The incidence of laparoscopically induced gastrointestinal injury has been reported to be 0.13% by van der Voort and colleagues.11 In their review, the most common location of injury was the small bowel (55.8%), followed by the large intestine (38.6%), and, less commonly, the stomach (3.9%). Common signs that a bowel injury has occurred include foul-smelling gas, return of bowel contents, high insufflation pressures, and asymmetric distension. Early diagnosis is critical because the morbidity and mortality associated with bowel injuries appear significantly affected by the time at which the insult is identified. One simple step to preclude delay in diagnosis is to view the initial trocar site through an alternative port if there is concern about anterior wall adhesions.
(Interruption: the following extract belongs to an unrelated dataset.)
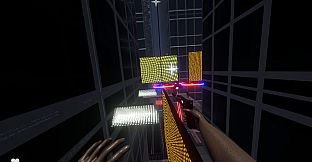 ADRENALINE: May The Sun Return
Injury to the gastrointestinal tract may occur during the operative portion of the surgery as well. In the review by van der Voort and colleagues of 273 bowel injuries, 3 (1.1%) and 2 (0.7%) occurred with the grasping forceps and scissors, respectively. In contrast, 70 (25.6%) thermal injuries were reported and occurred with either a coagulating instrument or the laser.11 In addition, both electrothermal bipolar vessel sealers and ultrasonic coagulating shears appear to be superior in achieving hemostasis when compared with older monopolar and bipolar electrocoagulation devices. They also appear to be safer, in that lateral thermal injury is more common in monopolar and bipolar instruments. However, lateral thermal injury is possible with any method of coagulation.12

Tulikangas and colleagues assessed the gross and histologic characteristics of laparoscopic injuries with several coagulating instruments and documented an average length of injury for the monopolar cautery to be 0.6 ± 0.2 cm for the ureter, 2.1 ± 0.4 cm for the bladder, and 1.8 ± 0.3 cm for the rectum. The average length of injury for the bipolar cautery was 0.4 ± 0.2 cm for the ureter, 1.3 ± 0.2 cm for the bladder, and 1.3 ± 0.2 cm for the rectum. The ultrasonic coagulating shears were associated with an average length of injury of 0.5 ± 0.2 cm for the ureter, 0.9 ± 0.2 cm for the bladder, and 0.7 ± 0.2 cm for the rectum.13 In addition, previous publications have documented a lateral thermal spread limited to an area less than 1.5 mm and 1.6 mm beyond the tissue bundle for electrothermal bipolar vessel sealers and ultrasonic coagulating shears, respectively.14,15

Early perforation develops during or directly after surgery, whereas late perforations may manifest several days to weeks following the surgery. If the diagnosis of a full-thickness perforation is delayed, sepsis, multiorgan failure, and even death may occur. Superficial thermal injuries to the bowel can often be repaired by a laparoscopic guided purse-string suture placed beyond the thermally affected tissues. In the event of complete perforation, unless there was direct visualization of the site of injury, the surgeon should proceed with laparotomy to explore adequately and make sure that a second perforation was not missed.

Genitourinary Injuries

With respect to classic gynecologic surgery, the bladder remains the most common site of injury. Injury to the bladder and/or ureter during laparoscopic surgery has previously been a rare event. However, as laparoscopy has expanded to include more complicated procedures, injuries involving the genitourinary system have also increased. Studies have revealed an incidence of bladder injury during laparoscopy between 0.02% and 8.3%. This most often involves the dome of the bladder. The most common laparoscopic procedure associated with bladder injury is laparoscopic-assisted vaginal hysterectomy and most frequently occurs while conducting sharp, electrosurgical dissection. However, injuries have been reported with blunt dissection, laser utilization, laparoscopic scissors, and trocars.16

As in laparotomy, factors such as bladder pathology, adhesions, previous surgery, inflammation, or endometriosis may increase the risk of bladder injury. When an injury does occur, classic gynecologic techniques can be modified to repair the trauma laparoscopically. Various authors have reported their techniques for laparoscopic repair of the bladder and include laparoscopic suturing in a single layer closure,17 3-layer closure,18 and a laparoscopic stapler.19

Similar to bladder injury, the rate of ureteral injury during laparoscopic surgery varies considerably within the literature. In 1996, Saidi and colleagues published a review of 452 cases of laparoscopic surgery and reported a rate of 0.44%.20 However, a similar review conducted by Härkki-Sirén and Kurki noted 18 ureteral injuries in 70,607 (0.025%) laparoscopic gynecologic procedures.21 Just as with injuries to the bladder, ureteral injuries have been most commonly associated with laparoscopically assisted vaginal hysterectomy, but have also been reported during oophorectomy, pelvic lymphadenectomy, sterilization, and excision of endometriosis.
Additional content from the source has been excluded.